Even more interesting was room two with Maes’s famous ‘genre’ paintings. ‘Genre painting’ was an artistic movement of the time, which celebrated everyday life. Maes’s interiors, domestic settings with mothers, maids, seamstresses, elderly women, abound. All the compositions are compelling, easy on the eye and of course, beautifully painted. Most notably Young mother with her children 1655 (see title image) A mother has rapped her son with a birch rod to stop him from beating his drum. The baby must not wake! An era where corporal punishment was not frowned upon, and yet this portrait of family life is so relatable and human even though several centuries separate us from this scene.
Hugely enjoyable are the Eavesdropping works. In The listening housewife 1655, the central character is looking almost straight at us as she creeps down the stairs. Her index finger is resting on her lips as if she knows she is doing something she shouldn’t. Meanwhile the clandestine couple is in a backroom in the basement. A man has come upon them with his lantern. These paintings are full of stories which makes them both fascinating and alive. Is the man cavorting with a lady, her husband?

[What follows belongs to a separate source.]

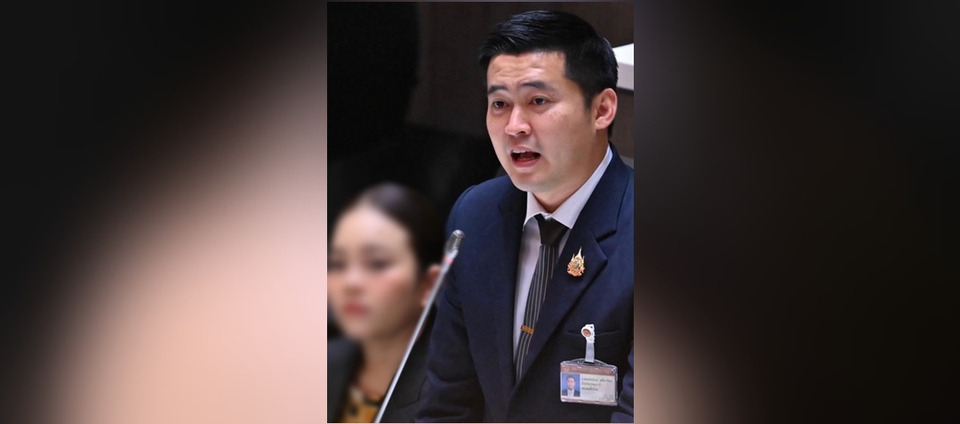 "นายกเบี้ยว" ทิ้ง "เพื่อไทย" พา "บ้านใหญ่ธัญฯ" ซบ "ภูมิใจไทย" ด้าน "อดีตสส.ฟลุ๊ค" โพสต์อำลาพรรค ขอเดินเส้นทางใหม่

Meanwhile the maid hiding behind a half-drawn curtain in The Eavesdropper 1655 is giving us a half-smile. A man stands at a window holding a pack of papers. It is hard to discern exactly what is happening however the attention to detail, to household objects, makes us spot an upturned watering jug or vase. Is this a metaphor for an upturned household? A household going to rack and ruin.
Before wandering off to the portrait room I stop before the magnificent Old woman dozing 1656, fallen asleep over her reading. An open Bible, an hourglass and the extinguished candle are all symbols of her fragile mortality.

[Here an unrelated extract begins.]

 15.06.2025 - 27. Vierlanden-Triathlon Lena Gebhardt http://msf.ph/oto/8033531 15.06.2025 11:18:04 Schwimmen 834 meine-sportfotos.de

The final room was devoted to Maes’s portraiture. I particularly warmed to Maes’s self portrait. Sporting a tremendous wig, Maes is looking every bit the successful portrait painter he had become aged fifty. He managed to paint nine hundred portraits but he had to abandon the style he had displayed in his genre paintings. His young lady sitters preferred white to brown in their portraits which had to be more colourful to reflect the international obsession for elaborate clothes and refinement. Certain poses had to be struck up, gone were the ordinary eavesdropping maids and housewives and in came something else.
This is a gem of an exhibition, cohesive, instructive and a feast to the eye. Highly recommended to those willing to make the journey into London.
Nicolaes Maes: Dutch Master of the Golden Age has been extended at the National Gallery. Opening date still to be decided. Entrance free.